Re: Initial Schema Sync for Logical Replication

From: "Euler Taveira" <euler(at)eulerto(dot)com>
To: "Kumar, Sachin" <ssetiya(at)amazon(dot)com>, "Alvaro Herrera" <alvherre(at)alvh(dot)no-ip(dot)org>
Cc: "pgsql-hackers(at)lists(dot)postgresql(dot)org" <pgsql-hackers(at)lists(dot)postgresql(dot)org>
Subject: Re: Initial Schema Sync for Logical Replication
Date: 2023-03-21 02:01:32
Message-ID: 22c275cc-a2d5-4cee-ac81-bbb6950248b8@app.fastmail.com
Views: Raw Message | Whole Thread | Download mbox | Resend email
Thread:
Lists: pgsql-hackers

On Mon, Mar 20, 2023, at 10:10 PM, Kumar, Sachin wrote:
> > From: Alvaro Herrera <alvherre(at)alvh(dot)no-ip(dot)org>
> > Subject: RE: [EXTERNAL]Initial Schema Sync for Logical Replication
> > On 2023-Mar-15, Kumar, Sachin wrote:
> >
> > > 1. In CreateSubscription() when we create replication
> > > slot(walrcv_create_slot()), should use CRS_EXPORT_SNAPSHOT, So that we
> > can use this snapshot later in the pg_dump.
> > >
> > > 2. Now we can call pg_dump with above snapshot from CreateSubscription.
> >
> > Overall I'm not on board with the idea that logical replication would depend on
> > pg_dump; that seems like it could run into all sorts of trouble (what if calling
> > external binaries requires additional security setup? what about pg_hba
> > connection requirements? what about max_connections in tight
> > circumstances?).
> > what if calling external binaries requires additional security setup
> I am not sure what kind of security restriction would apply in this case, maybe pg_dump
> binary can be changed ?
Using pg_dump as part of this implementation is not acceptable because we
expect the backend to be decoupled from the client.
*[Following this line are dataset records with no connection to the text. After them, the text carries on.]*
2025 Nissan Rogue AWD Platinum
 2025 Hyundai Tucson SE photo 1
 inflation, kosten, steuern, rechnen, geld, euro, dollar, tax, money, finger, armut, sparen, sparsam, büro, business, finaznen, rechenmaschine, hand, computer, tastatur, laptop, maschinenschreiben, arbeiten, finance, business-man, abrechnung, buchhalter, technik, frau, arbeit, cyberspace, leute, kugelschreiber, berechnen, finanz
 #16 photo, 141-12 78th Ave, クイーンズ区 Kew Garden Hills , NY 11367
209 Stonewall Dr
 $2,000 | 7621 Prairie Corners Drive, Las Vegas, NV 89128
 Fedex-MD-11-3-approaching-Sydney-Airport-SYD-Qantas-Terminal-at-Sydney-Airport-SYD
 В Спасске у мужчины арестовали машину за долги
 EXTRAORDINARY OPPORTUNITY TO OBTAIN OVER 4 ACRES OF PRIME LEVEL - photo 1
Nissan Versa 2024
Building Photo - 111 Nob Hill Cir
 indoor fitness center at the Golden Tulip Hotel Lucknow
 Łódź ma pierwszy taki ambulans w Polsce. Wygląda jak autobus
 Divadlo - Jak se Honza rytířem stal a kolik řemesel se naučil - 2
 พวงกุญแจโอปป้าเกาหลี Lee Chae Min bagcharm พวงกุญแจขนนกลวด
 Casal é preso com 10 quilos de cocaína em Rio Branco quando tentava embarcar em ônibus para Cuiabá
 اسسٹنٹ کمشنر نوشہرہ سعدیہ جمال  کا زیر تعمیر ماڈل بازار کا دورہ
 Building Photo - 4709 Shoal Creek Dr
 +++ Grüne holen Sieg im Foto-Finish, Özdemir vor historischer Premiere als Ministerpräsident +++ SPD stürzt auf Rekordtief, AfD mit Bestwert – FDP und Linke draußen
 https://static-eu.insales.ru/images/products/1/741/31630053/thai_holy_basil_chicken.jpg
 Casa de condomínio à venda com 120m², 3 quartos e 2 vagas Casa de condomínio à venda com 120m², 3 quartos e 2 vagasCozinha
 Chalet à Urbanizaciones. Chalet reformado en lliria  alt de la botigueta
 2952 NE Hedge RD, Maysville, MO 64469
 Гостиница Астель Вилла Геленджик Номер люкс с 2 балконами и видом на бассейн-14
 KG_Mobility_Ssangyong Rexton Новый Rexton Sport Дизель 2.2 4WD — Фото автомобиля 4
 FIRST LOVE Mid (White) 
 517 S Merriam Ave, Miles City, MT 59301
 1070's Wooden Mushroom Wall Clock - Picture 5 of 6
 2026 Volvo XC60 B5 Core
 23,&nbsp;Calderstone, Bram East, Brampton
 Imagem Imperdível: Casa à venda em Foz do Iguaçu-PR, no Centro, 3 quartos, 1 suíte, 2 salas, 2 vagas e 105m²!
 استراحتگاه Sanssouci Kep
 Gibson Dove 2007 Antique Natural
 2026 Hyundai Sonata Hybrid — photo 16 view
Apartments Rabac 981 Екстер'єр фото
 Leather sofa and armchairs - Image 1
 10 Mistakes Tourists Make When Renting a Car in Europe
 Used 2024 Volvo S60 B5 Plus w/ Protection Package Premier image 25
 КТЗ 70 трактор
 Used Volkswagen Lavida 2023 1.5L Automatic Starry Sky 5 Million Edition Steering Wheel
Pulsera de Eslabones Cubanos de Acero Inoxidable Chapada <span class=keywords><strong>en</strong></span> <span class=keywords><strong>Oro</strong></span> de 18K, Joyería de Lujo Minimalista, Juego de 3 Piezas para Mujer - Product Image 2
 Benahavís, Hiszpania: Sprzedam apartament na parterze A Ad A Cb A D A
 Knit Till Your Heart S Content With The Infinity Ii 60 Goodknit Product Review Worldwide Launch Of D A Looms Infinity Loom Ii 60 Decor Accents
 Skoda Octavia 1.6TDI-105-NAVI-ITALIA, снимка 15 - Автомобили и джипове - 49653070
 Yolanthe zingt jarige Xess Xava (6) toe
Besides that, pg_dump
provides all table dependencies (such as tablespaces, privileges, security
labels, comments); not all dependencies shouldn't be replicated. You should
exclude them removing these objects from the TOC before running pg_restore or
adding a few pg_dump options to exclude these objects. Another issue is related
to different version. Let's say the publisher has a version ahead of the
subscriber version, a new table syntax can easily break your logical
replication setup. IMO pg_dump doesn't seem like a good solution for initial
synchronization.

Instead, the backend should provide infrastructure to obtain the required DDL
commands for the specific (set of) tables. This can work around the issues from
the previous paragraph:

* you can selectively choose dependencies;
* don't require additional client packages;
* don't need to worry about different versions.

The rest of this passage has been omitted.